This account of the Nixon foreign policy is far better than Walter Isaacson's or Robert Dallek's. Hersh shows in detail how in July 1968 Nixon and Kissinger told President Thieu of South Vietnam to reject US calls to begin participating in peace talks. In doing so, they broke the US law against private citizens conducting diplomatic negotiations.
Throughout 1968, Nixon campaigned on a platform of ending the war, yet then escalated the war. Nixon and Kissinger always opposed unilateral withdrawal. They aimed to continue the US aggression against Vietnam until victory could be achieved. When they talked of an `honourable settlement', they meant one that achieved all the USA's aggressive war aims. More US soldiers would have to die so that the earlier deaths would not have been in vain, which, absurdly, equates to saving the dead.
Nixon and Kissinger cruelly indulged in sunshine talk about the war, promising the American people that one last push, one more invasion, would bring victory. But the truth was that the USA had lost. There was no alternative to withdrawal: their only choice was whether to end the war swiftly, or end it a bit later after killing yet more Vietnamese and having even more American soldiers killed pointlessly (20,000 were killed under Nixon).
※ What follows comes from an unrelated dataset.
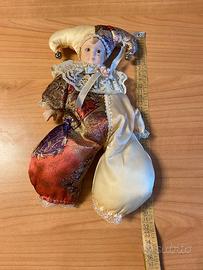 Bambola in porcellana con vestito da giullare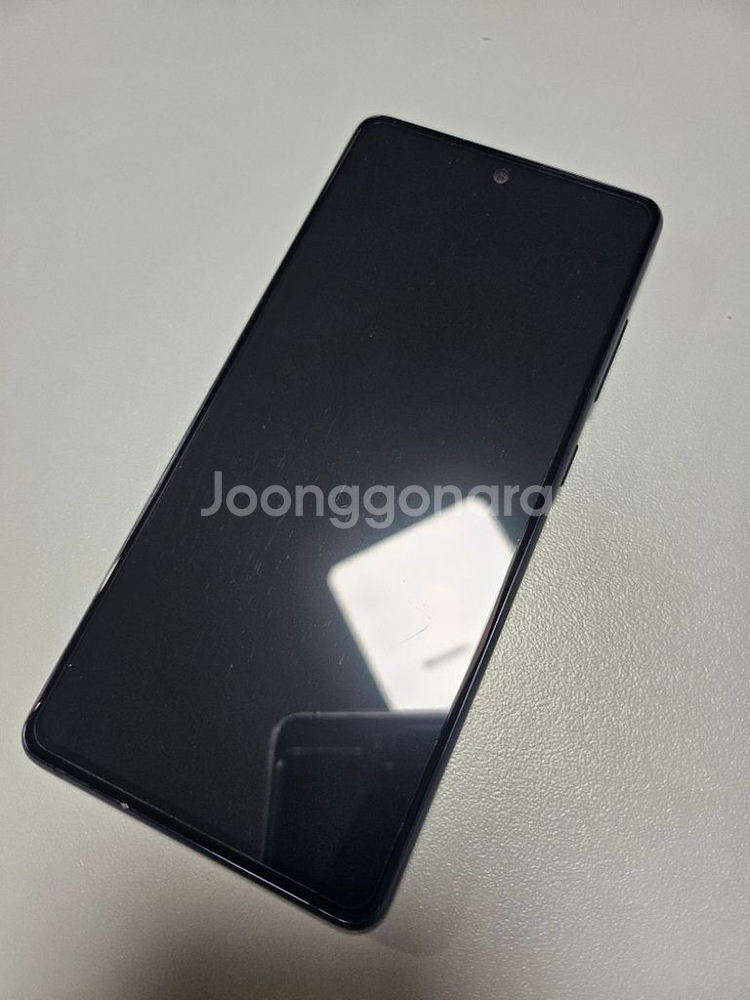 갤럭시 S20fe 네이비 상태 좋습니다.--7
Nixon and Kissinger never grasped that a quick exit from Vietnam would have helped, not undermined, US credibility. They never asked other governments what they thought about a speedy exit. Détente was just a cynical device to try to divide Vietnam from its allies, and it failed.
Nixon and Kissinger's policy towards Vietnam was a disaster, killing thousands of Americans, Vietnamese and Cambodians. They claimed that their policies were realistic and intelligent, but neither could see that the Vietnamese people were justly fighting for their national liberation. Nixon and Kissinger were not tragic, flawed heroes but despicable war criminals.